DiffFPR: Diffusion Prior for Oversampled Fourier Phase Retrieval

Authors: Ji Li, Chao Wang

ICML 2024 | Conference PDF | Archive PDF | Plain Text | LLM Run Details

Reproducibility Variable Result LLM Response
Research Type Experimental In this section, we conduct experiments to evaluate the performance of our approach on Fourier phase retrieval. Two datasets, including Flickr Faces High Quality (FFHQ) 256 256 and Image Net 256 256 are considered. The pretrained diffusion models are directly downloaded from the open-source library without any refinement.
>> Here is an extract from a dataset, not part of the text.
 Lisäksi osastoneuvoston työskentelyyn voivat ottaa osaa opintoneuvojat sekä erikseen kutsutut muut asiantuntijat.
Each test dataset contains 1K images. To quantitatively compare the performance, we report the reference-based PSNR/SSIM metric to measure the closeness to the original image, and the LPIPS metric to measure the perception quality of the restoration.
Researcher Affiliation Academia 1Academy for Multidisciplinary Studies, Capital Normal University, Beijing, China 2University of Kansas Medical Center, Kansas City, US.
Pseudocode Yes Algorithm 1 RAAR for Fourier phase retrieval. Algorithm 2 Measurement-guided diffusion model for Fourier phase retrieval.
Open Source Code Yes The code is available at https: //github.com/Chilie/Diff FPR.
Open Datasets Yes Two datasets, including Flickr Faces High Quality (FFHQ) 256 256 and Image Net 256 256 are considered.
Dataset Splits No The paper mentions 'Each test dataset contains 1K images' and 'the paired training dataset contains 1000 images' but does not specify a separate validation split or explicit percentages for training, validation, and test sets.
Hardware Specification No The paper does not provide specific details about the hardware used for experiments, such as CPU/GPU models or memory.
Software Dependencies No The paper mentions 'pretrained diffusion models are directly downloaded from the open-source library' but does not specify any software names with version numbers or other software dependencies.
Experiment Setup Yes In the default configuration, we select 1000 diffusion-step DDIM as the unconditional sampling, and the one-step RAAR as the inner iterative engine. The hyperparameter β is set to unity and 0.75 for noiseless and noisy cases respectively. ... For all experiments, the oversampling ratio is set to 4.